Depending on how much old gas and how clean it is determines what I do with it.

If it's a small amount (chainsaw tank amount), I just pour it on a pile of kitty litter and let it evaporate. It's usually long gone within a few hours.

For larger, clean amounts I just pour it into one of the cars or pickup - as long as there is enough good stuff in the tank to offset the poor quality of the old stuff.

I haven't figured out what to do with large, dirty amounts - but since I've never had that problem, it's not a worry.


----------



## 7sleeper (Apr 22, 2012)

Lawnmower/tractor, anything 4 stroke.

7


----------



## blsnelling (Apr 22, 2012)

30 days is excessive.


----------



## russhd1997 (Apr 22, 2012)

I use my saws often enough so that I don't have an old gas problem. I would dump it into my tractor if I had to dispose of some though. Gasoline will contaminate the ground water if enough of it was dumped but the small amount from a chainsaw tank should evaporate before it gets in to a well.


----------



## openloop (Apr 22, 2012)

You could always.....um...... burn it. :dunno:


----------



## lwn9186 (Apr 22, 2012)

I dump mine in with waste oil and take it to recycler.


----------



## forestryworks (Apr 22, 2012)

russhd1997 said:


> I use my saws often enough so that I don't have an old gas problem. I would dump it into my tractor if I had to dispose of some though. Gasoline will contaminate the ground water if enough of it was dumped but the small amount from a chainsaw tank should evaporate before it gets in to a well.

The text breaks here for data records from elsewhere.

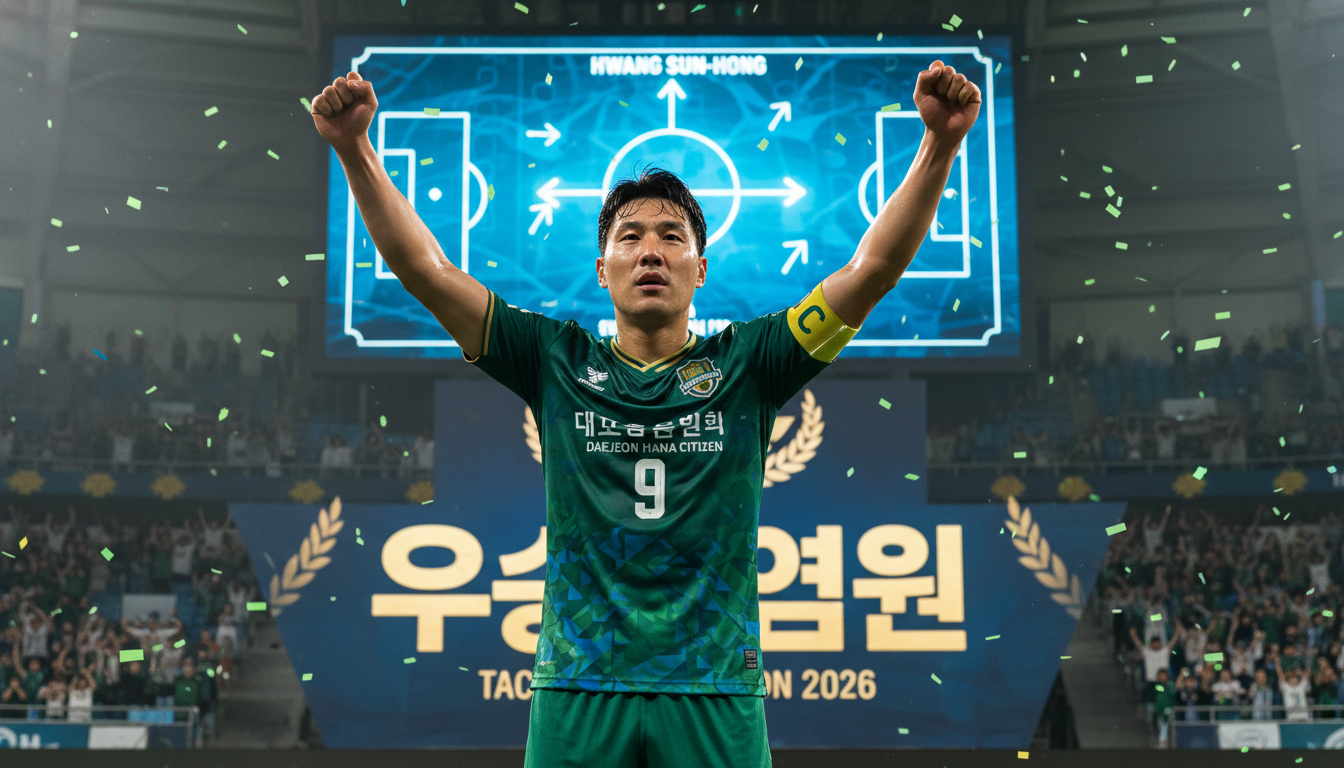 2026 시즌 대전 하나 시티즌의 새로운 주장으로 선임된 스트라이커 주민규 선수가 주장 완장을 차고 환호하는 모습. 황선홍 감독의 전술적 비전을 암시하는 배경과 함께 팀의 우승 염원을 상징적으로 보여줍니다.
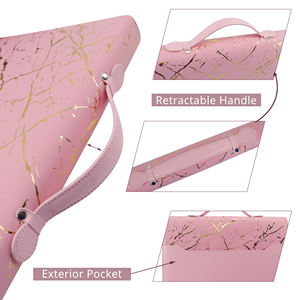 Portafolio de Cuero Rosa de Lujo, Carpeta de Archivos con Bloc de Notas Tamaño Carta A4 y Cierre de Cremallera - Product Image 5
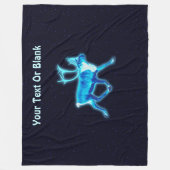 ブルーカリボウ（トナカイ） フリースブランケット (正面)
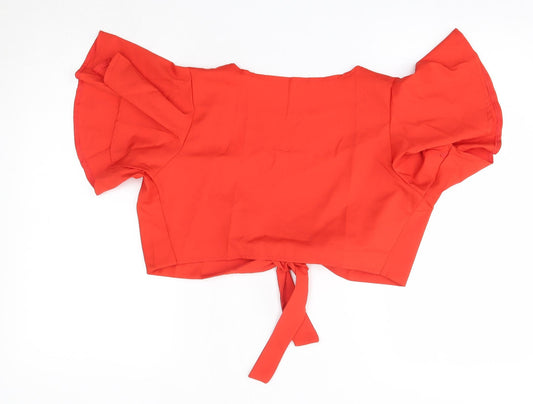 Preworn Womens Orange Polyester Cropped Blouse Size M V-Neck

Depends on soils and depth to water table.


----------



## jcl (Apr 22, 2012)

I put it in the waste oil bucket then use it to burn brush piles in the winter


----------



## Winchester356 (Apr 22, 2012)

lawnmower runs fine on it.


----------



## o8f150 (Apr 22, 2012)

brush pile for me


----------



## billyjoejr (Apr 22, 2012)

FWIW- I topped off(91 octane/stihl ultra) my FS130 trimmer back in October and put it in the shed. Pulled it out this morning(April 22) and it fired first pull with choke on. Ran perfectly. No difference in performance when I added fresh(2 day old) mix.

It is water that causes ethanol to separate and cause problems. I buy my fuel from Safeway because they are busy so I figure fuel is the freshest and chance of water in it is very low. I store my fuel cans in the shed out of the weather. I also store my chainsaws, trimmers and mower in the shed. I always top them off before storing them and they always fire right off and run great whether its been a month or a year.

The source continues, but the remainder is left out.